Curator François Piron
Guillaume Leblon, Parade - Palais de Tokyo, Paris
Palais de Tokyo, Paris, France https://palaisdetokyo.com/exposition/parade/
Parade is Guillaume Leblon's first retrospective exhibition in Paris. For the occasion, he has designed a display that unfolds both inside and outside the Palais de Tokyo, including onto the esplanade that overlooks the Seine. As a sculptor, Guillaume Leblon does not conceive objects to be looked at, but rather seeks he likes to create a place, like a theatre set, both intimate and public, physical and mental, through which the public can wander. For this exhibition, he is creating a new version of his work Face contre terre (Face down, 2010-2022), which is made up of hundreds of items of furniture and scrap pieces of wood that together compose a materialist landscape that is a floor to walk across, but also the base for a series of sculptures mounted on a rail that create the sensation of movement, like figures on parade.
Every exhibition by an artist is on some level a form of self-portraiture, and this is especially true for Guillaume Leblon, in whose œuvre autobiography holds a central place.
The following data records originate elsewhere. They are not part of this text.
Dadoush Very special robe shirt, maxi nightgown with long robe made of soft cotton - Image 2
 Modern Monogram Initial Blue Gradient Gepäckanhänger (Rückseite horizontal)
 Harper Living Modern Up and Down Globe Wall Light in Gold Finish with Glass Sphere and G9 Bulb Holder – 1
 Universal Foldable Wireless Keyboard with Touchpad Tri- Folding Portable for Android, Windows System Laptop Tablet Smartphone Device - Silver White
For this exhibition, he re-interprets his work, producting new links, recreating past works and mixing them with new productions.
The title of his exhibition plays on the double meaning of the term "parade" in French. In one sense, shared with English, it suggests staging an event which can be either carnivalesque or authoritarian. In French, it also suggests subterfuge, feint or trickery. It reflects in this way Guillaume Leblon's work as a whole, which offers a vast repertoire of sculptural vocabularies from statuary to assemblage, from organic forms to architectural construction, whilst at the same time deploying mystery and ellipsis: his work is not summed up in themes or discursive figures, but instead composes with what is visible, with a perception of the world and a history of forms, with emotions and sensations.
His work at times strikes a melancholic note, which leads him to unsettle the rigorous neo-classical layout of the Palais de Tokyo's esplanade by barring it with an uprooted tree and littering the basin with dismembered umbrellas in a scene of catastrophic disruption that echoes the uncertainties of the present and its turmoil, both societal and climatic.